* [Work task]: Retype the data that follows exactly. No pictures belong in the copy.

* [Supplied material]:
---

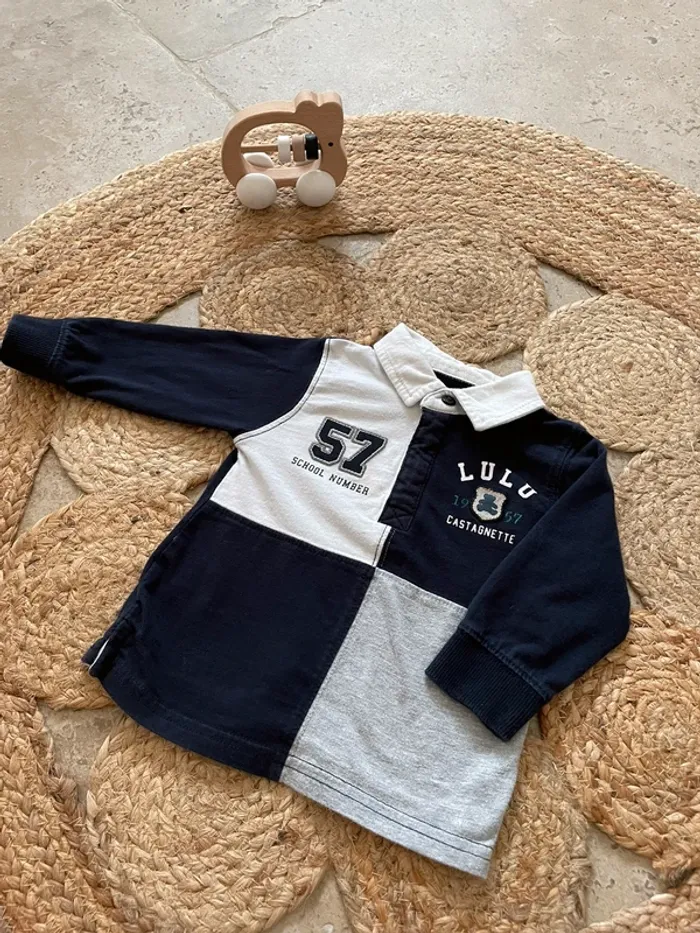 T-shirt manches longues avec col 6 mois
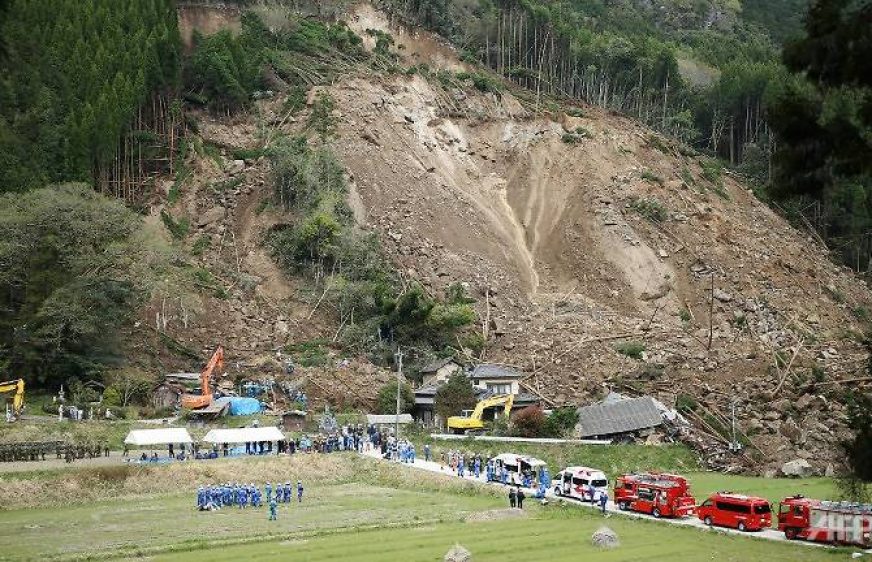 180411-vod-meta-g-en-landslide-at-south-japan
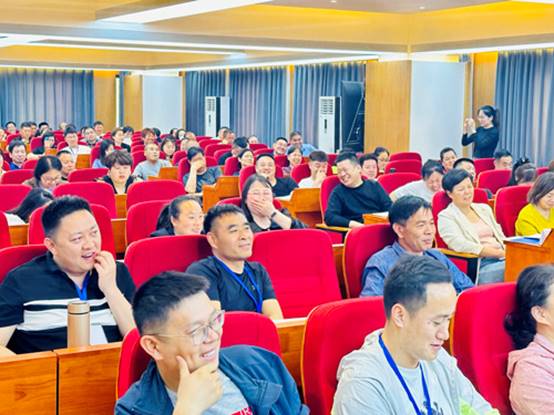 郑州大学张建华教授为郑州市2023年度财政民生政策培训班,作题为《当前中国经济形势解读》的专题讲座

---

* [Exercise output]:
 T-shirt manches longues avec col 6 mois
 180411-vod-meta-g-en-landslide-at-south-japan
 郑州大学张建华教授为郑州市2023年度财政民生政策培训班,作题为《当前中国经济形势解读》的专题讲座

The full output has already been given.